John Krasinski Was Originally ‘So Against’ The Ending Of ‘A Quiet Place’

Paramount

John Krasinski starred in, directed and co-wrote one of the most terrifying films of the year in A Quiet Place. But you know what’s even scarier than monsters that feast on noise (and, uh, people)? Politics. Am I right? The Office star, who’s penning the sequel to A Quiet Place (which earned a surprising $340 million at the box office), took place in a roundtable interview with fellow screenwriters Paul Schrader (First Reformed), Tamara Jenkins (Private Life), Bo Burnham (Eighth Grade), Peter Farrelly (Green Book), and Eric Roth (A Star Is Born), to discuss, among other topics, what his Donald Trump movie would look like.

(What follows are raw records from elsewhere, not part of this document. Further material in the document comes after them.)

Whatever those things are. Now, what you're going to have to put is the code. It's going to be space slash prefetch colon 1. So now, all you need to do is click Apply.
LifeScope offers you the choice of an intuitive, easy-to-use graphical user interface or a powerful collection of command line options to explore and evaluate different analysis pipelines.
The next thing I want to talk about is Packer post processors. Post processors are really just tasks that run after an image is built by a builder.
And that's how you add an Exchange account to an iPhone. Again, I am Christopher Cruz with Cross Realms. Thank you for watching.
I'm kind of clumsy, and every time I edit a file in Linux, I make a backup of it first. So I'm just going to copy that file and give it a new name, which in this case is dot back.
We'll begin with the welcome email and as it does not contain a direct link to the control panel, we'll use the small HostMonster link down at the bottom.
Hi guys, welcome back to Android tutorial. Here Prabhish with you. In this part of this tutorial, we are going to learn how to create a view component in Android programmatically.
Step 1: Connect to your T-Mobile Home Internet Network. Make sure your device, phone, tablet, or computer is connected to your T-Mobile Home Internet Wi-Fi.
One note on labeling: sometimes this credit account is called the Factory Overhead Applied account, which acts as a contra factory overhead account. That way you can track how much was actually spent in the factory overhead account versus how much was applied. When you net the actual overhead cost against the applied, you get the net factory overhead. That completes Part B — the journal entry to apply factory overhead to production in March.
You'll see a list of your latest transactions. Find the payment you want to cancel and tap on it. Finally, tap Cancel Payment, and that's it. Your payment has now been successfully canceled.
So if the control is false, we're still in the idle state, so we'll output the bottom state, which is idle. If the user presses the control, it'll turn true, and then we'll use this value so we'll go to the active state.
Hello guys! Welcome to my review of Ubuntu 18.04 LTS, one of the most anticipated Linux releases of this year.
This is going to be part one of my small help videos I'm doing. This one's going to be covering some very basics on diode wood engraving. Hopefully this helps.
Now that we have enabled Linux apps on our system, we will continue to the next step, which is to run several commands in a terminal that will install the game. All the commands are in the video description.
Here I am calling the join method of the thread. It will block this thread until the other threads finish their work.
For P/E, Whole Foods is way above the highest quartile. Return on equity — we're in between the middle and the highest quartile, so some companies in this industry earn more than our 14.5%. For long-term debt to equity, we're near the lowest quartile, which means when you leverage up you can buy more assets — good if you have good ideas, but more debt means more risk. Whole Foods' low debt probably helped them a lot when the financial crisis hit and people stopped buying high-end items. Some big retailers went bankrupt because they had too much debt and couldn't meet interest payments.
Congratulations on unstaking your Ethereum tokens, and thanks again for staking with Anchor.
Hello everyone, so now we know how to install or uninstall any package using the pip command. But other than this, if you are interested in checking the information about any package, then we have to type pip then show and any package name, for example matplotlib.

“I’d be interested in the circle of people around him,” Krasinski responded. “I always like movies that are about a person you never see.” It’s Schrader (if you haven’t seen First Reformed, you really should) who had the best response, though: “You immediately ask for 10 times as much money as they’ve offered.”

Krasinski was also asked about writing a script with very little dialogue:

I basically cheated. It came in as a spec script to me as an actor. The idea was fantastic — a family living silently to protect themselves from creatures. We [Krasinski and his wife, actress Emily Blunt] had just had our second daughter, so I was holding a 3-week-old baby, reading about what a family would do to protect their kids. I connected to this material more than anything I’ve ever connected to because I was living it. And I said, “If I could rewrite this script, I could bring this to be the best metaphor for [family].” So I pitched my wife. I said, “It’s a love letter to our kids.” And she’s like, “The one about creatures killing everybody?”

He also confessed that he originally hated the ending of the movie. “It was our producer’s idea. He said, ‘Emily needs to shoot the monster.’ And I remember thinking, that’s insane. I was so against it,” Krasinski said. “And bizarrely, I was driving to work the next day and was listening to an old podcast, an interview with Steven Spielberg from the early ’80s, and someone said: ‘Why is your generation of directors moving away from making art?’ And he said, ‘Why can’t we make art films that you can also eat popcorn to? I’m not going to shy away from making people enjoy really exciting movie moments, too.’ And I thought, ‘Oh my God!’ That was my wake-up moment to this idea that shooting the creature at the end wasn’t abusing my artistic take.”

Depriving the world of Emily Blunt: monster killer? Classic Jim Halpert move.